[TASK OBJECTIVE] Repeat exactly, and only, the lines of the entries below from the one with "Mueble bajo de" through the one with "Retro Husband Dad", both ends included.

═════ SOURCE DATA

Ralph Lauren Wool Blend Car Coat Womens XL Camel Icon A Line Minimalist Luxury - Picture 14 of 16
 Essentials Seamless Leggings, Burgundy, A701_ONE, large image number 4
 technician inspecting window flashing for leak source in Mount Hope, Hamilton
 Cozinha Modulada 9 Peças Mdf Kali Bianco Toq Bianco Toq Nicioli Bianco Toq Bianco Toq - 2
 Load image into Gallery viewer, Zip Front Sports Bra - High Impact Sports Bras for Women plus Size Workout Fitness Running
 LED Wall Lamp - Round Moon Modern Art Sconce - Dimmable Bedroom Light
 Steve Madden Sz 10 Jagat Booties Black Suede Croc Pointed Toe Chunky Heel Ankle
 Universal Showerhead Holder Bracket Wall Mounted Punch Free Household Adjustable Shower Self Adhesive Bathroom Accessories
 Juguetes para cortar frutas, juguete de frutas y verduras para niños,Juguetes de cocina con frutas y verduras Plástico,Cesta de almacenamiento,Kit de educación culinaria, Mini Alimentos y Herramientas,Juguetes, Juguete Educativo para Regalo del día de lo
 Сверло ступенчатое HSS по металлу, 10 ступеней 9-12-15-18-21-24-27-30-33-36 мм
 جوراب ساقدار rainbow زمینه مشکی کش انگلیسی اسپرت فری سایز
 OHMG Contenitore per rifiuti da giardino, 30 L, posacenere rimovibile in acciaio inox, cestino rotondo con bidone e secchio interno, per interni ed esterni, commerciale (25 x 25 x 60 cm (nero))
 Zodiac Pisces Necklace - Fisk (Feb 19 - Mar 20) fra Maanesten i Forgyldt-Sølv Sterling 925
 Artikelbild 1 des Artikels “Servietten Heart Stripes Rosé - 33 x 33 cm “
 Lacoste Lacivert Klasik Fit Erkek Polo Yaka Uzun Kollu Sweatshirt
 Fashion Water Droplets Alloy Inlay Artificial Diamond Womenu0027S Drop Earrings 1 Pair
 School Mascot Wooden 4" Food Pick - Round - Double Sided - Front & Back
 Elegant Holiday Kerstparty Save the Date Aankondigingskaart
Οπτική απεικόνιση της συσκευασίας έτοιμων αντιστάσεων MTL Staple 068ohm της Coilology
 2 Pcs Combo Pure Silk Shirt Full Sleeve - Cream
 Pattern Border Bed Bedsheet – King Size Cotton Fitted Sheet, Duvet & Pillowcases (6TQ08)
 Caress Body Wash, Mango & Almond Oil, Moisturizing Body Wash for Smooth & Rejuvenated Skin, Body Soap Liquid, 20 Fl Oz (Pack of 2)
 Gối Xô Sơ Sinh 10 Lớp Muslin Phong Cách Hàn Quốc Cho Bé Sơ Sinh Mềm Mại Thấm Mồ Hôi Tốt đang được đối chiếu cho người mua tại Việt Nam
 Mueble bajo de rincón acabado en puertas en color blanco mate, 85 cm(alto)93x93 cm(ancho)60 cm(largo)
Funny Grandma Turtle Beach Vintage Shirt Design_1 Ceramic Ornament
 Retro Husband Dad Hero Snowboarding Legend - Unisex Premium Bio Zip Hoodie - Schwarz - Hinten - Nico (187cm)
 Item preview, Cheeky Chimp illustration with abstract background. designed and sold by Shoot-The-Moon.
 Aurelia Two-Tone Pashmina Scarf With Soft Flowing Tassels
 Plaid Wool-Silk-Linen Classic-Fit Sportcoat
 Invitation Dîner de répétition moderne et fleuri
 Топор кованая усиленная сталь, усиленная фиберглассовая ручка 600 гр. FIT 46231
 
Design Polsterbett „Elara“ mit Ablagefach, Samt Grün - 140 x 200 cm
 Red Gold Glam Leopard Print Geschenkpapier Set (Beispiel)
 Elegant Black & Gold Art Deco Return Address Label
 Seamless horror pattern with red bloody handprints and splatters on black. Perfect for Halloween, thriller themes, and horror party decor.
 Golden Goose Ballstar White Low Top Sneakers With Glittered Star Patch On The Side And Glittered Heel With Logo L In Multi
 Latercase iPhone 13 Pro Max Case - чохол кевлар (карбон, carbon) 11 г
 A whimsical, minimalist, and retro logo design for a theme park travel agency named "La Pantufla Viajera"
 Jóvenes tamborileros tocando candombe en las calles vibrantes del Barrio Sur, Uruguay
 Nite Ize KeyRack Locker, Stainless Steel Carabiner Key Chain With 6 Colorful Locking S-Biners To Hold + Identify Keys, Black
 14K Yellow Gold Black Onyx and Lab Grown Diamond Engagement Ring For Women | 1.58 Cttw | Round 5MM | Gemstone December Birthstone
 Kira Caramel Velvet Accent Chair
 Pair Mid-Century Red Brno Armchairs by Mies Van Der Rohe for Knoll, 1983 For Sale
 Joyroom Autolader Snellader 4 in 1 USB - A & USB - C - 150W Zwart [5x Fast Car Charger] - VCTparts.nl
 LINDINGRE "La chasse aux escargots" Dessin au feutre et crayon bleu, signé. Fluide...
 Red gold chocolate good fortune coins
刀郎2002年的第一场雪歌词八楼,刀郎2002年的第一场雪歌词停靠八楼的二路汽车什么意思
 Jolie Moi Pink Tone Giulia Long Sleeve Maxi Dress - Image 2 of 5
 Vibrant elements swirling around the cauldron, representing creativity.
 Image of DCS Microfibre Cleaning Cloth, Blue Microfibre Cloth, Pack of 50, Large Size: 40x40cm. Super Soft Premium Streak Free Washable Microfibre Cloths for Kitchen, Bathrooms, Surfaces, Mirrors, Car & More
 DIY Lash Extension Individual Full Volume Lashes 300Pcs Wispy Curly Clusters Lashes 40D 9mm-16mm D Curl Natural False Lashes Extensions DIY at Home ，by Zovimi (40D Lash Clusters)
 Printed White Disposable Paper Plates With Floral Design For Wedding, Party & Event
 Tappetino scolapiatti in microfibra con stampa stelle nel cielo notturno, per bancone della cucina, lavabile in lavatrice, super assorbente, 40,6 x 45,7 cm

══════════

[WRITTEN ANSWER]
 Mueble bajo de rincón acabado en puertas en color blanco mate, 85 cm(alto)93x93 cm(ancho)60 cm(largo)
Funny Grandma Turtle Beach Vintage Shirt Design_1 Ceramic Ornament
 Retro Husband Dad Hero Snowboarding Legend - Unisex Premium Bio Zip Hoodie - Schwarz - Hinten - Nico (187cm)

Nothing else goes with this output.